Global Footprint Network started in 2003 to reverse these trends and escape the ecological pyramid scheme. Since today’s decisions shape our future, the Network focuses on shifting decision-making toward creating a world where all can thrive within the means of our planet (“one-planet prosperity”). The challenge is to show decision-makers that decisions made in sync with our planet’s physical reality produce better outcomes for them, and for the world.
Global Footprint Network’s offering is built on a comprehensive resource-accounting approach that allows countries, cities, and companies to assess how much demand they put on nature against how much Earth’s ecosystems can regenerate. Results show how resource deficits are undermining success and how resource security is becoming the enabling factor for prosperity. The Network also develops empowering psychological approaches and effective narratives designed to shape the common understanding that sustainability is necessary for one’s own success. Inspiring and actionable case studies produce a sense of ownership (“skin in the game”) and generate measurable outcomes.
Human demand for ecological resources and services is in a state of "ecological overshoot", with demand exceeding supply by more than 60 percent.
GFN coordinates research and standards, and gives decision-makers data to face tightening resource constraints.
Founders Susan Burns and Mathis Wackernagel seek to maintain human well-being through recognition of ecological limits.
More than 57 nations have worked with the Global Footprint Network.
Governments and companies make decisions consistent with the vision that all can thrive within the means of our one planet.
In five years, our campaigns, including Earth Overshoot Day and #MoveTheDate, reach 10 billion media impressions, 10 million actively participate, and one million use Ecological Footprint data as input to their decision-making.
We strive to shift decision makers’ mindsets toward a deeply personal commitment where they recognize that one-planet compatible action is essential for their own success.
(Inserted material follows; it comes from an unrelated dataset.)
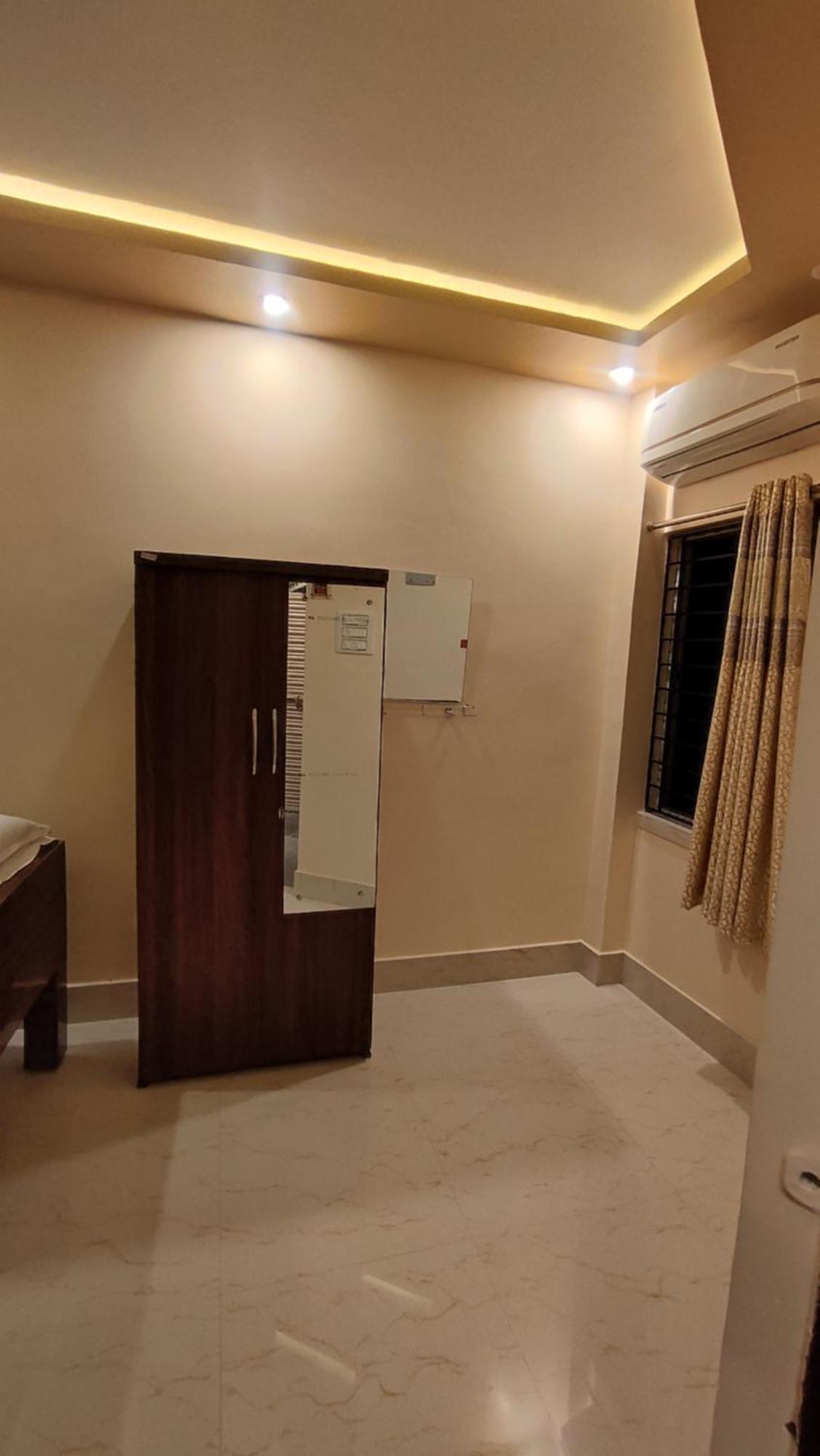 Apartamento Urban Sky Shānti Niketan Habitación foto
We achieve this by producing robust data, tools, and analyses. We promote it by running large-scale engagement campaigns that help shape public discourse.
Mathis Wackernagel’s father introduced him to The Limits to Growth when he was 10, and he grew up with a vivid awareness of the potential for global ecological disruption. Mathis became an engineer to advance the theme of “small is beautiful” and renewable energy. He developed the Ecological Footprint while completing his Ph.D. at the University of British Columbia. He co-founded Global Footprint Network as the vehicle to apply his landmark work to influence individuals, businesses and governments to conserve, protect and live in balance with our earth's bounty. Susan Burns, also an engineer, is a lifelong nature enthusiast and founder of Natural Strategies, a sustainability consulting firm. Susan created a business case for sustainability and promoted innovative concepts in pollution prevention and industrial ecology. The couple launched Global Footprint Network in 2003 to advance the Ecological Footprint, coordinate research, develop methodology standards and provide decision makers with resource accounts to help humans operate within the Earth’s ecological limits. Susan transitioned out of executive leadership to focus on leading Global Footprint Network Finance for Change program in 2016, but remains on the Board.